On Thu, Mar 02, 2006 at 02:39:42PM -0600, Dustin Kirkland wrote:
I'm in-lining a simple patch that solves memory leak and collects
the
required information. Rather than calling audit_ipc_context() which
allocates memory and returns a char * which was being lost, ipcperms()
instead calls audit_ipc_perms(), which wraps audit_ipc_context() thereby
storing the context in an auxiliary IPC audit record. This happens
each and every time ipcperms() is called.
Note that the first argument of audit_ipc_perms() is qbytes, which I've
zero'd out inside of ipcperms() as that information is not available
within the scope of the ipcperms() function. Is that ok?

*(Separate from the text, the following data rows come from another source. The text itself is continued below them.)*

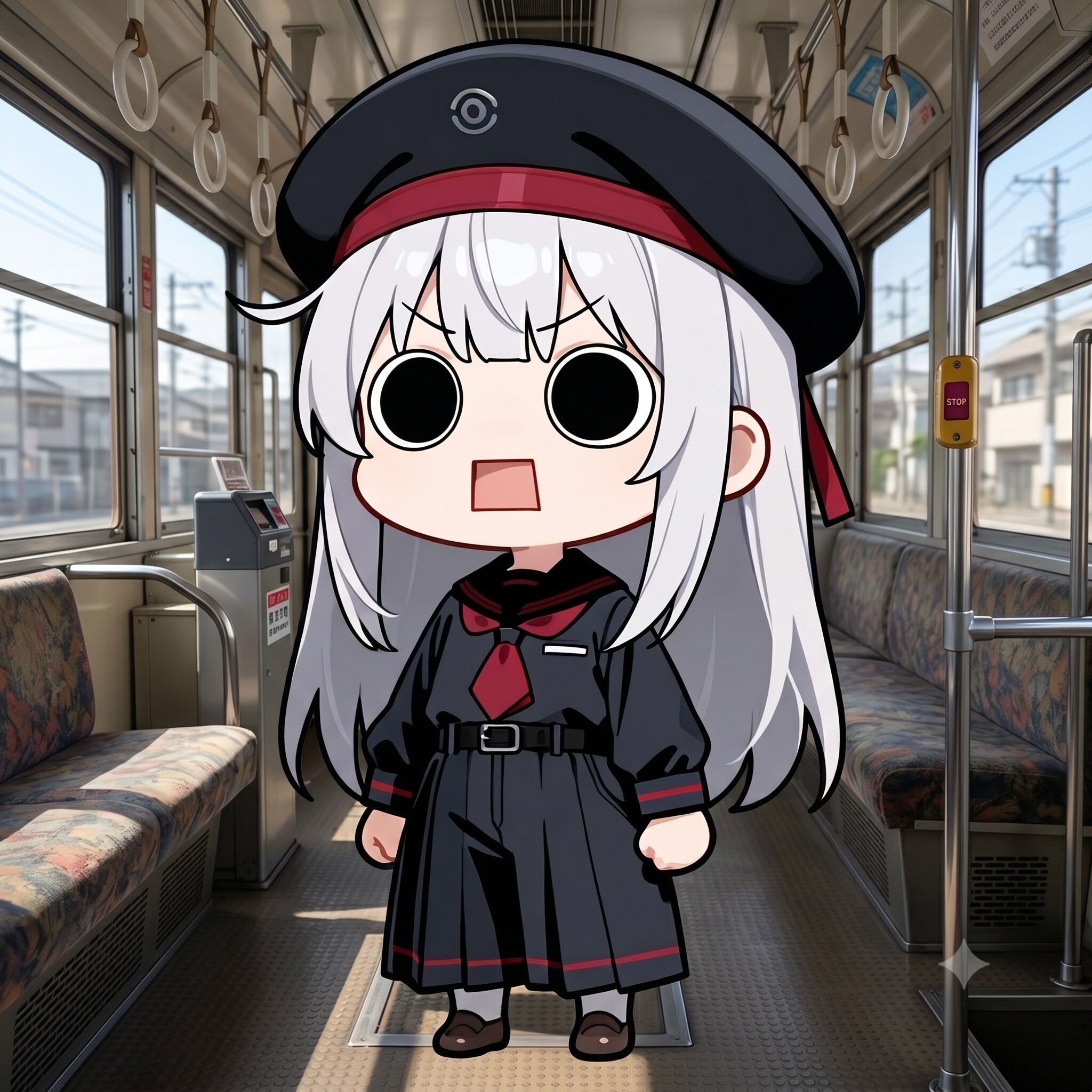路面電車に乗るえらいこっちゃ嬢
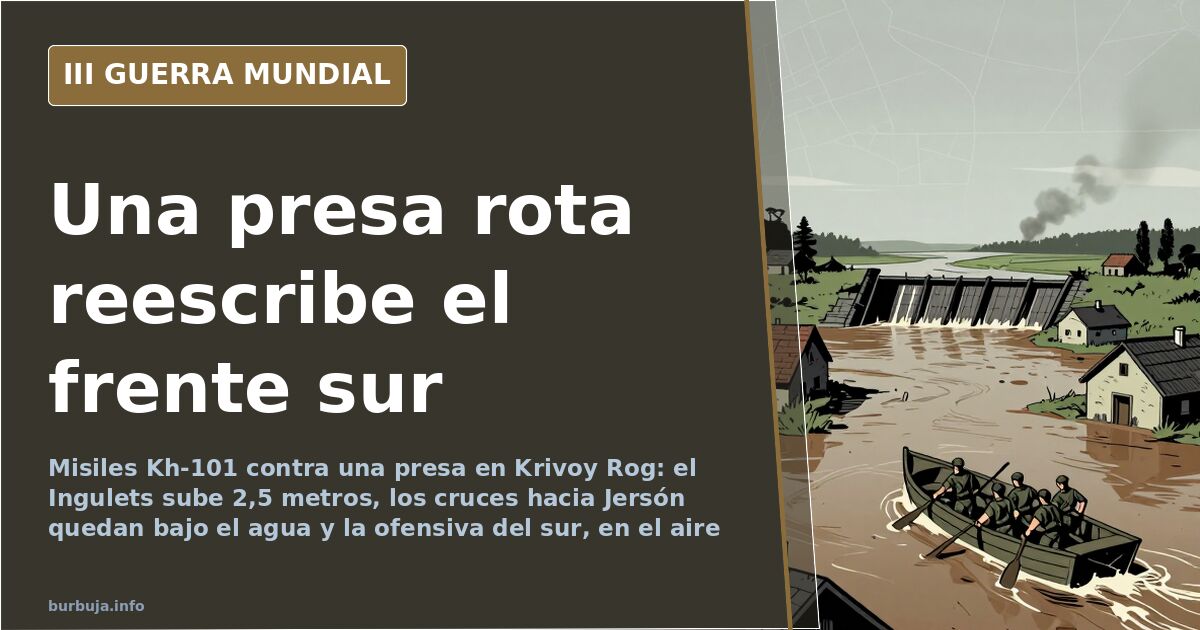 Mapa del sur de Ucrania con el río Ingulets crecido junto a la presa de Krivoy Rog y columnas de humo al fondo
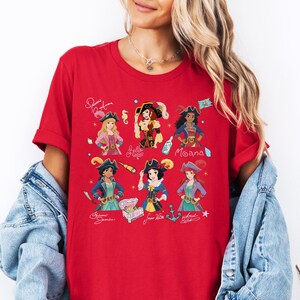 Princess Pirate Shirt, Disney Besties Cruise T-Shirt, Matching Girls Trip Sweater, Snow White & Ariel Hoodies, Aurora And Belle Pirate Tee image 6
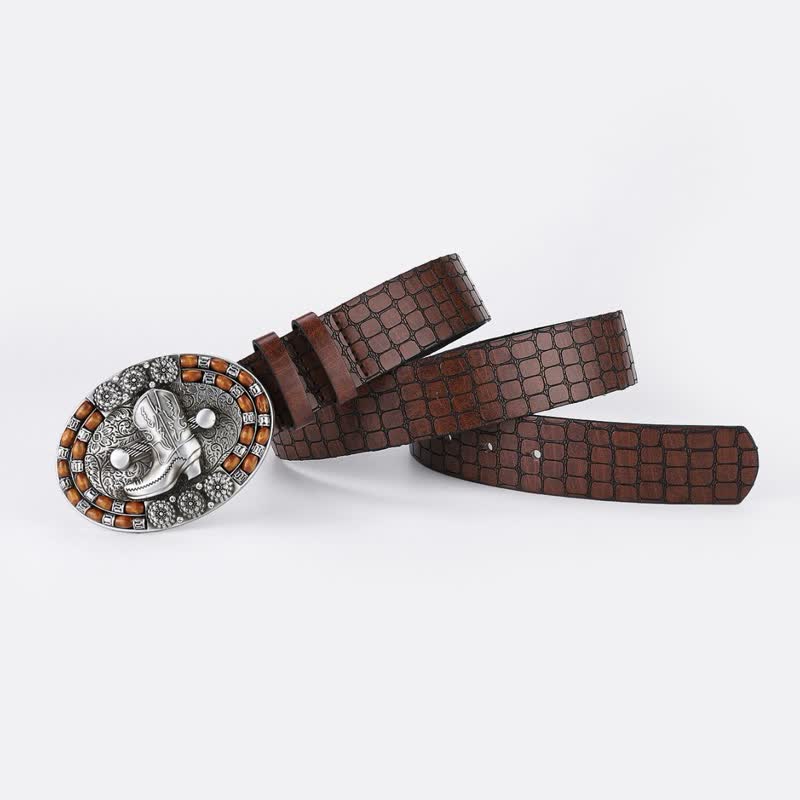 Cintura in pelle con perline di legno da uomo con stivali da cowboy - image 1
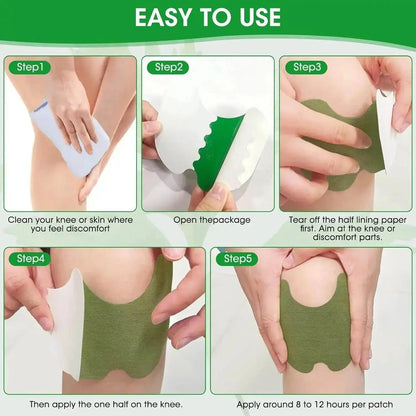 Step-by-step guide on applying a green knee patch with text indicating ease of use.
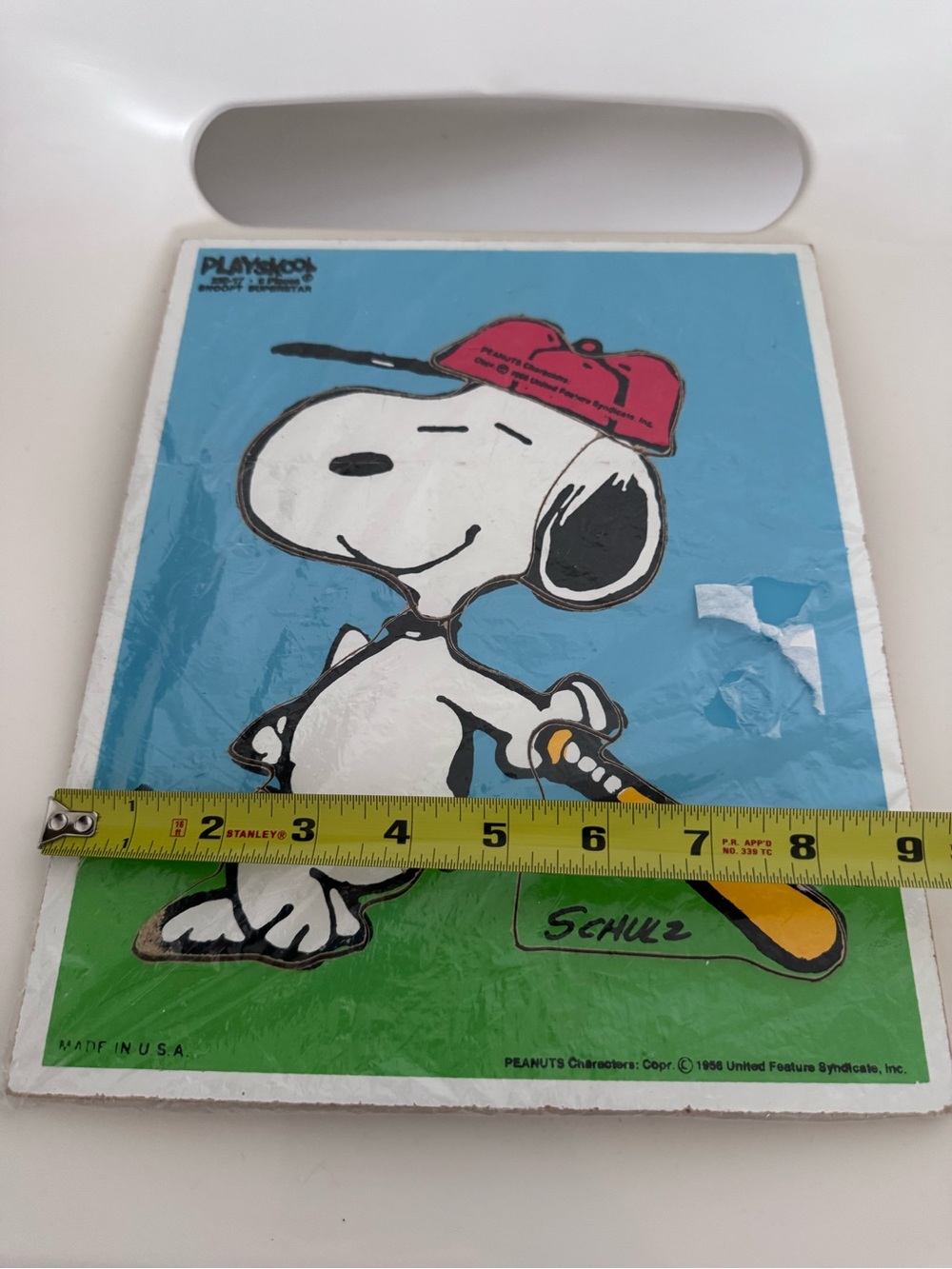Vintage Playskool Snoopy Baseball Puzzle Peanuts Nursery Decor Retro Toy USA - Picture 4 of 7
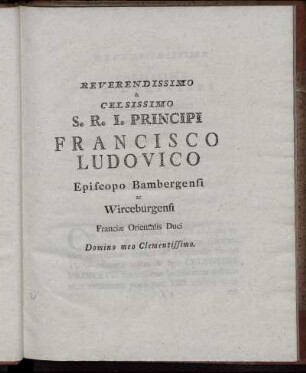 Reverendissimo & Celsissimo [...].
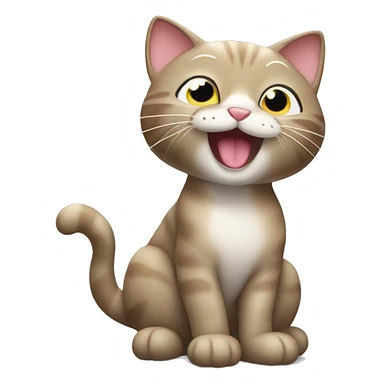 Cat licking themselves with sparkle  sticker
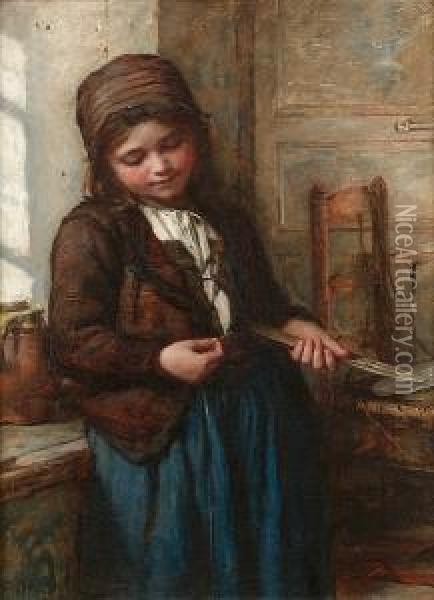 A Boulogne Fish Girl Oil Painting - Frank Holl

The collected values qbytes, uid, gid, and mode represent the settings
that the user is requesting to write for the IPC object in an IPC_SET
operation, not the values of the current settings. So in ipcperms()
you need to pass an invalid value for all four of those parameters. I
believe 0 is a valid setting for all of them, so you'll need a
different value.
On that note, you may also want to change the name audit_ipc_perms()
to reflect the fact that you are no longer gathering only the
requested perm settings, but object labels as well. E.g., audit_ipc()
is a more general name and would follow the other interfaces doing
similar things: audit_socketcall(), audit_sockaddr(), etc.